A view shows the stranded container ship Ever Given, one of the world's largest container ships, after it ran aground, in Suez Canal, Egypt March 27, 2021. REUTERS/Mohamed Abd El Ghany

Suez Villagers Meet The New Neighbor

Reuters
Total Views: 10710
March 28, 2021

By Mirette Magdy and Salma El Wardany (Bloomberg) — Villagers on the banks of the Suez Canal are getting used to their unusual new neighbor. It’s 400 meters long, carries about $1 billion and nobody knows when it’ll leave.

Towering above the low-rise red-brick homes, grazing buffalo and green farmland dotted with palm trees, the Ever Given stands like a monument to globalization marooned amid a typically Egyptian rural scene. And since the ship’s grounding last week brought one of the world’s busiest trade routes to a halt, residents have had rare front-row seats to an event whose outcome is key to the global economy.

“We’ve never had a ship stuck around here for a very long time,” said a local woman who asked to be called Fatma and has spent her life within earshot of the shipping horns. She gestured to the hulking Ever Given, in whose spotlights the local children have been playing hide-and-seek at night. “We’ve made friends with it already!”

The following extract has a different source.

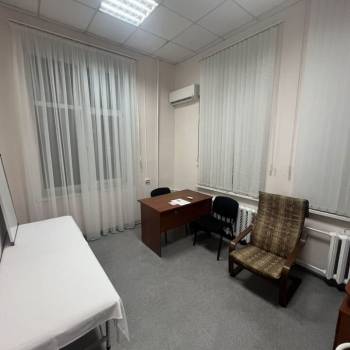 Сдается Нежилое помещение, 12,4 м²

As dredgers, tug boats and teams of engineers race to dislodge the ship, the inhabitants of the agricultural hinterlands north of Suez city are basking in the novelty. While some take selfies with the behemoth in the background or wave to the crew, others like Fatma daydream about what it was transporting to world markets.

“I need to get a bedroom and a saloon for my new house; I want it French-style!” she chuckled, casting a wistful look at the vessel laden with potentially thousands of red, blue and green containers.

The ships plying the waterway may come from all corners of the Earth, but for locals the 120-mile channel linking the Red Sea and Mediterranean that opened in 1869 is a source of Egyptian pride. As far back as the early second millennium BC, Pharaoh Senusret III is said to have established a predecessor connecting the seas using branches of the Nile River.

President Gamal Abdel-Nasser nationalized the canal in 1956, wresting it back from eight decades of British control and sparking an invasion by Israeli, British and France forces that failed, cementing his status as an inspirational Arab leader. Current head of state Abdel-Fattah El-Sisi oversaw an $8 billion expansion that opened in 2015 and sought to boost traffic and revenue.

With that initiative came stepped-up security. A fence erected in 2014 has blocked villagers from the canal’s edge, otherwise they say they might have befriended their temporary neighbors. Years ago when ships ran aground, villagers remember crew-members tossing sodas ashore to children.

For people like Mohammed Awad, 39, who was born in Ismailia, another of the canal’s three cities along with Port Said, the conduit has been a way of life for generations. He grew up fishing in the canal with his father, and his grandfather worked on a dredger that removed the wreckage of ships sunk during the 1973 Yom Kippur conflict with Israel.

The canal had been shut from 1967, when Arab countries and Israel fought the Six Day War, and was only re-opened in 1975. That was the last major closure, until now.

Like all those living by the canal interviewed for this story, Awad recalls the strong winds and sandstorm that turned the sky yellow and cut visibility on the day the Ever Given ran aground.

It’s an accident the state-run Suez Canal Authority says is losing it as much as $14 million a day. The canal generated $5.6 billion for the government last year, around 10% of its total revenue. Until a lengthy press briefing Saturday, authorities had released limited information about the event, and access to the site remains heavily restricted.

“I panicked when I first heard about the ship,” Awad said. “I know how important the canal is to all of us.”